Ceci dit, la tonalité ultra-réaliste du film se perd parfois dans le pathos : rien ne semble pouvoir sauver la condition de ces enfants, condamnés à l’abandon et à pleurer à chaudes larmes, sans l’esquisse d’un moment véritablement heureux (sauf sous les effets de la drogue), comme si la pauvreté ne se résumait qu’à un enchaînement de drames, plus intenses les uns que les autres. Il semble inutile par exemple d’aller aussi loin qu’un meurtre commis par un enfant pour sensibiliser à sa cause – alors que la victime du crime, interprétée avec finisse par le génial Nana Patekar, faisait justement l’objet d’un portrait à mille lieues du manichéisme. Difficile pourtant d’en vouloir à Mira Nair, qui fut l’une des premières à s’emparer de ce sujet si contemporain de manière aussi cru : en 2015, hélas, les enfants de Krishna et Manju sont encore nombreux à sillonner les rues de Bombay et à dormir sur ses trottoirs.
Scènes de vie
On trouvera l’intérêt cinématographique de Salaam Bombay ! dans un montage sec, passant brusquement d’une scène à l’autre et qui permet à Mira Nair de dérouler son histoire tout en découvrant la mégalopole de Bombay, sous un jour peu habituel pour un public étranger (à qui se destinait probablement le film). Elle montre notamment avec beaucoup d’acuité les principes de sociabilité propres à l’Inde, notamment les petits immeubles aux balcons donnant sur la rue, qui permettent d’interpeller le tout-venant ; les gares où passent une foule bigarrée et qui servent tout autant à prendre le train qu’à se livrer à d’autres activités ; les escaliers dans lesquels se nouent les contacts entre voisins qui se connaissent et s’épient ; les portes à double battant qui enferment ou permettent de chasser l’indésirable ; les minuscules appartements qui voient entrer et sortir moult individus à toute heure du jour, et parfois de la nuit… Mira Nair peut ainsi facilement passer d’un personnage à l’autre, d’une histoire à l’autre, sans avoir besoin de se perdre dans des explications scénaristiques. Sola Saal, petite fille népalaise destinée à la prostitution et achetée à prix d’or pour sa virginité, voit son destin à peine esquissé en quelques scènes. Alors qu’elle est emmenée par son premier client, elle regarde s’éloigner l’homme qui, pour la manipuler, lui a fait croire qu’il était amoureux d’elle, et son regard compense largement le silence qu’elle a gardé tout au long du film, ne connaissant pas la langue parlée à Bombay…

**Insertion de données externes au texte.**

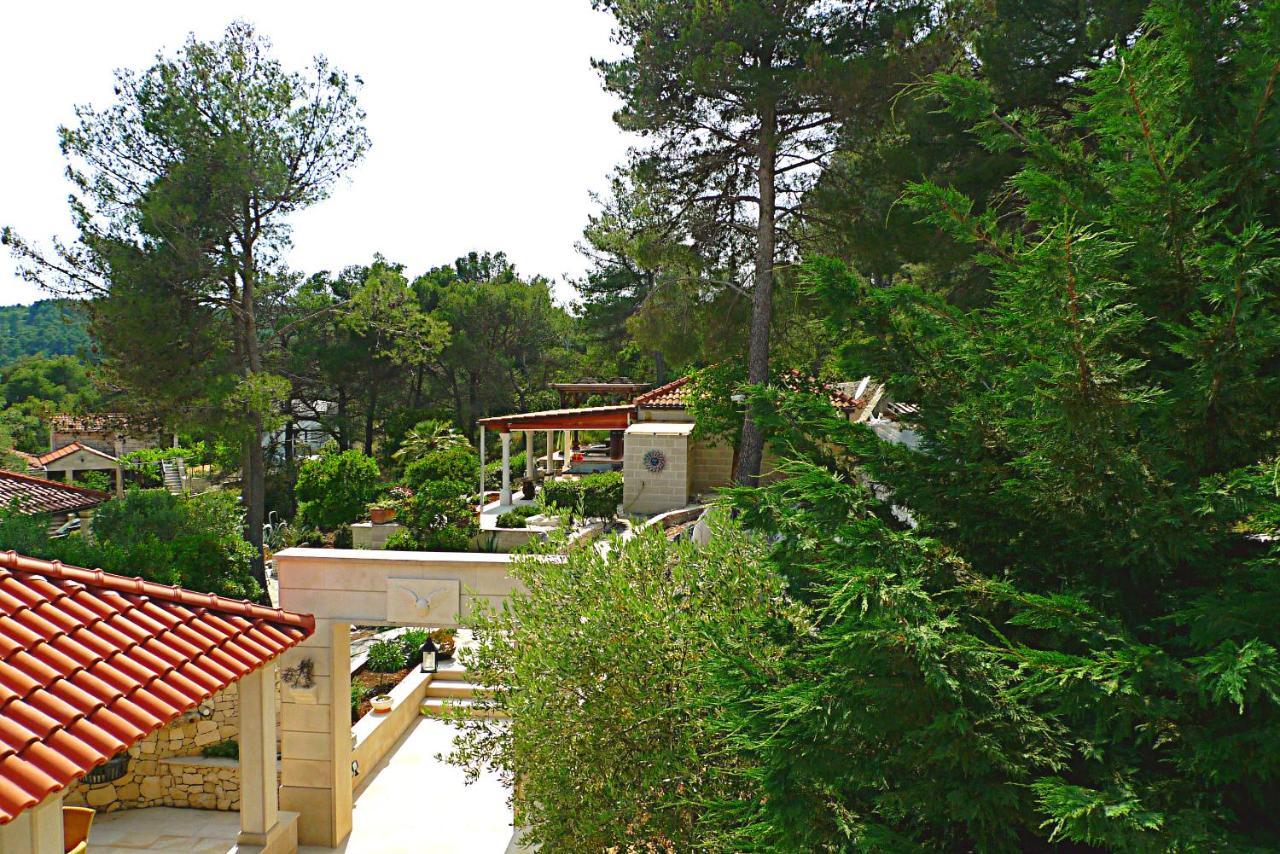 Ursa Minor Villa Sumartin Luaran gambar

Bizarrement, la plus belle scène du film est sans doute la plus décalée. Alors que Krishna et son ami dealer ont escroqué un Américain en lui vendant de la drogue pour un prix exorbitant (chaque touriste en Inde se reconnaîtra dans cette scène de marchandage), les deux compères vont fêter leur victoire dans un cimetière. Là, Krishna raconte sa vie à Chillum, mais surtout lui demande d’être son ami, avant de partir dans de grands éclats de rire. Quasi onirique du point de vue du décor, presque aussi positive que le reste du film est pessimiste, cette scène offre à Salaam Bombay ! une belle bouffée d’espoir. Avec l’envie qu’un jour, le même film puisse être réalisé avec des éclats de rire plutôt que des larmes en guise de clap de fin.